The goal isn't espionage — it's disruption. Several victim organizations have already experienced operational downtime and financial loss. With ongoing U.S.-Iran tensions, the authoring agencies assess this activity is likely to continue and escalate.
How they're getting in
The attack vector is straightforward: PLCs that are directly internet-exposed. Threat actors are using legitimate Rockwell configuration software (Studio 5000 Logix Designer) over standard OT ports to establish connections that look like normal engineering traffic. Key ports to watch in your telemetry include:
- 44818 — Ethernet/IP (primary)
- 2222 — Ethernet/IP (secondary)
- 22 — SSH (Dropbear SSH has been deployed on victim endpoints)
- 502 — Modbus
- 102 — Siemens S7
What to do right now
If you operate PLCs in any of the targeted sectors, take these steps immediately:
- Remove your PLCs from direct internet exposure. Any remote access needs to go through a jump host or secure gateway. Attackers should never be able to reach OT ports directly from the internet.
- Check your logs against the published IOCs. The advisory includes a list of Iranian-affiliated IP addresses active from January 2025 through March 2026. Query your network telemetry against these and investigate any hits. IOC files (STIX XML and JSON) are available directly from the CISA advisory.
- Hunt for unusual connections on OT ports. Look for any external IP addresses, especially from overseas hosting providers, communicating with the ports listed above.
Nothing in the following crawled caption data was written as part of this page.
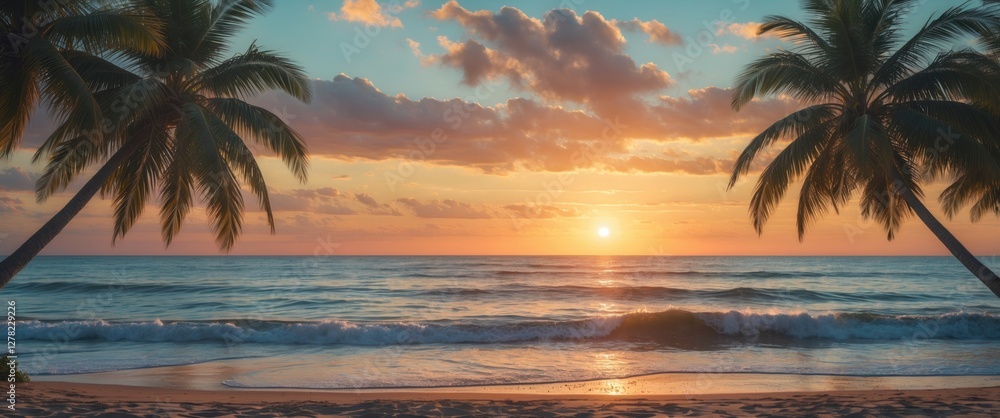 Aufkleber serene beach sunset with palm silhouettes and gentle waves creating an ideal space for text and adve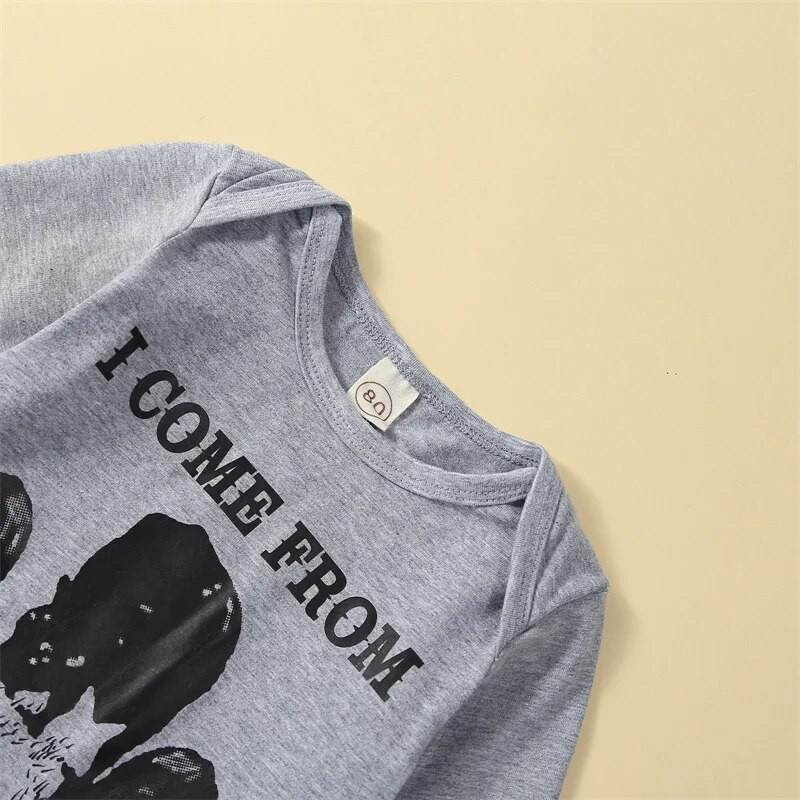 Βρεφικά αγόρια για κορίτσια Φθινοπωρινά ρούχα με μακρυμάνικο στάμπα αγελάδας + παντελόνι + σετ καπέλων νεογέννητα ρούχα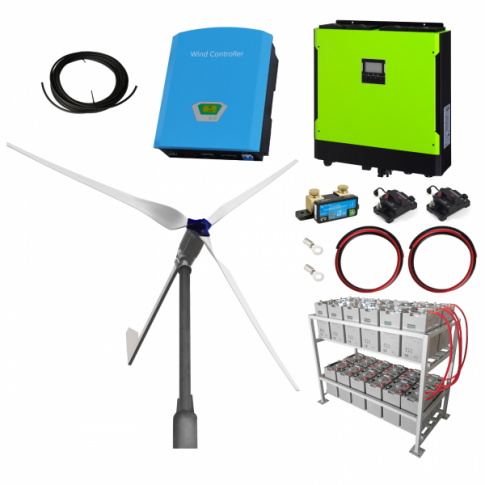 3kW Grid-Tied Wind Turbine Kit with 5.5kW Hybrid Inverter and 24kWh Battery Bank for Export of Wind Power into the Grid produ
- For Rockwell Allen-Bradley PLCs: The physical selector switch on your controller should be moved from Remote or Program to Run mode. This prevents remote modification of PLC logic entirely. Only move it back to Program when you're actively performing updates, and switch it back immediately when done.
Stay vigilant
Due to recent world events, Iranian threat actors have significantly increased their operational tempo. As this situation continues to evolve, we'll keep publishing updates when new information becomes available.